● **Task objective**
Pictures must not appear in the copy. Reproduce exactly, and only, the lines from the one with "Sale Promotion Gold Rose thumbnail-4" through the end of the data below.

[Web page caption snippets]
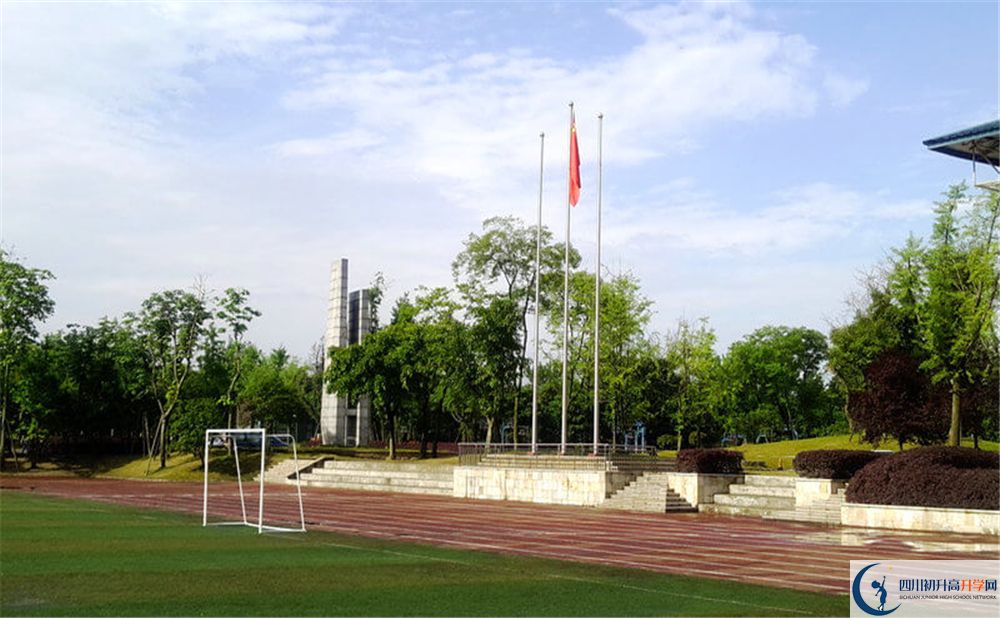 成都實(shí)驗(yàn)外國語學(xué)校（西區(qū)）020年高三文綜測試題在哪看？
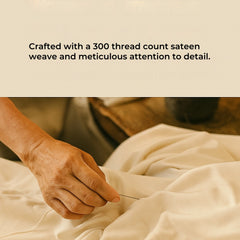 300 Thread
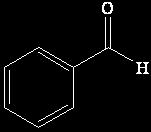almonds (2,934.6 ± 272.5 ppb) Almond-like aroma Hexanal (422.6 ± 97.
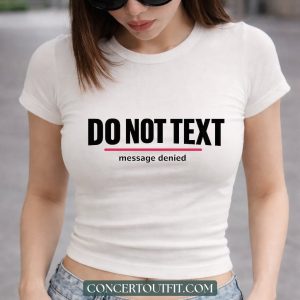 Style Fashion Trends & Style Guide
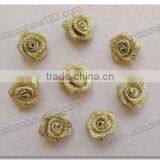 Sale Promotion Gold Rose thumbnail-4
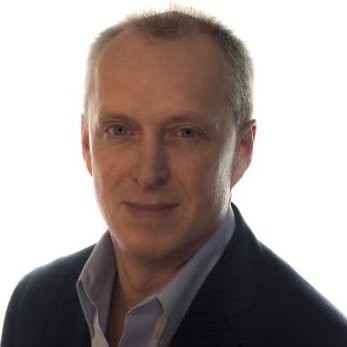 Alain Provencher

● **Reply**
 Sale Promotion Gold Rose thumbnail-4
 Alain Provencher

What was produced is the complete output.